───── Source material

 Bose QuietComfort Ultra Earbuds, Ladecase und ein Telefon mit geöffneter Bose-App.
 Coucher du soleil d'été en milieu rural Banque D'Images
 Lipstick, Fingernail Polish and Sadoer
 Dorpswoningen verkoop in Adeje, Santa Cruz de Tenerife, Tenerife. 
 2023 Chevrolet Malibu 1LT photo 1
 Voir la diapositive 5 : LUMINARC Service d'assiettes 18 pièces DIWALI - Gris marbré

──────────
───── Source material

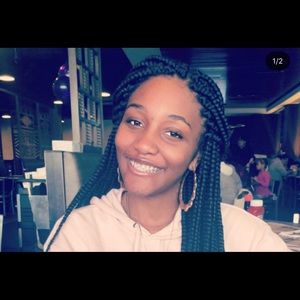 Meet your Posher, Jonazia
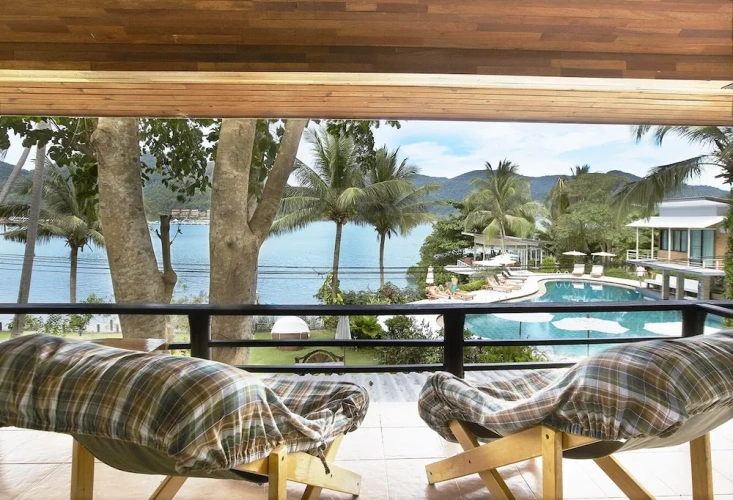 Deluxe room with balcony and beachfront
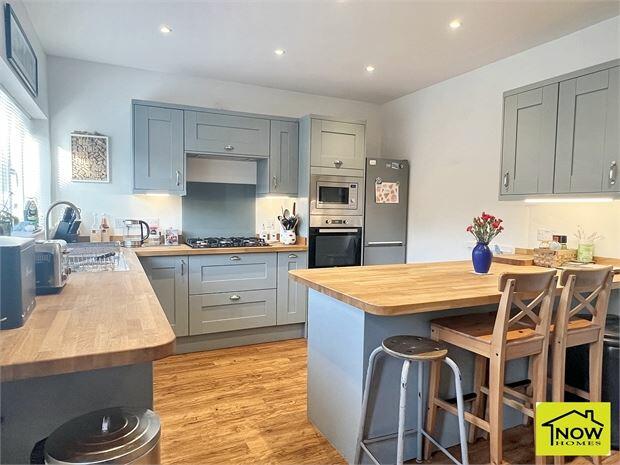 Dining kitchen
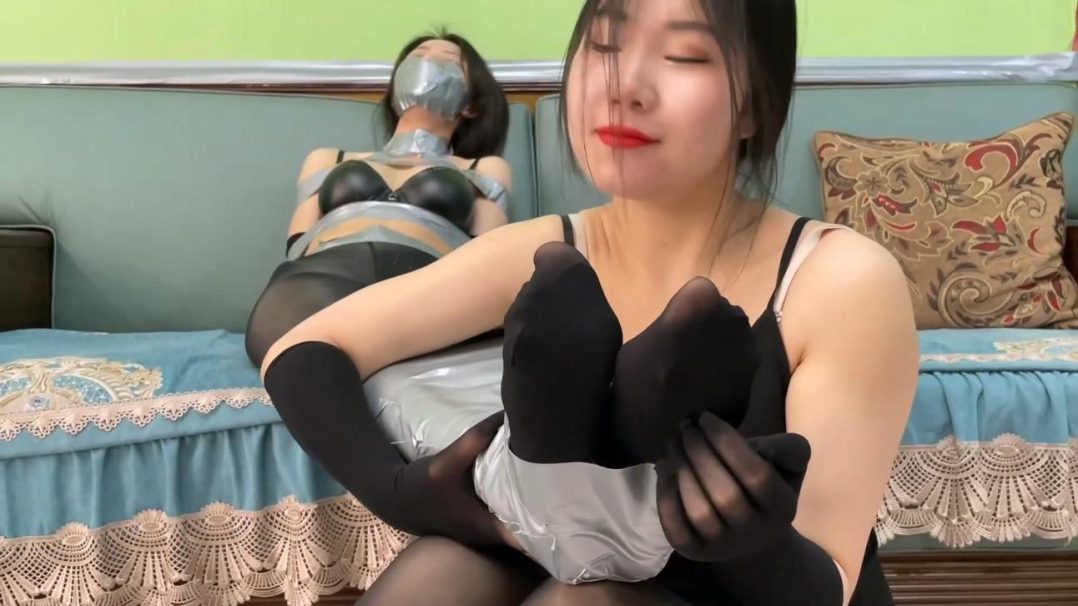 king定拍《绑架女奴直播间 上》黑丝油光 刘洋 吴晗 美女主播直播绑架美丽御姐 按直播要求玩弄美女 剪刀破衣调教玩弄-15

──────────

### Your instructions
Print the line above containing "Meet your Posher, Jonazia", the line containing "king定拍《绑架女奴直播间 上》黑丝油光 刘洋", and everything between them, exactly as written. Pictures stay out.

### Final answer
 Meet your Posher, Jonazia
 Deluxe room with balcony and beachfront
 Dining kitchen
 king定拍《绑架女奴直播间 上》黑丝油光 刘洋 吴晗 美女主播直播绑架美丽御姐 按直播要求玩弄美女 剪刀破衣调教玩弄-15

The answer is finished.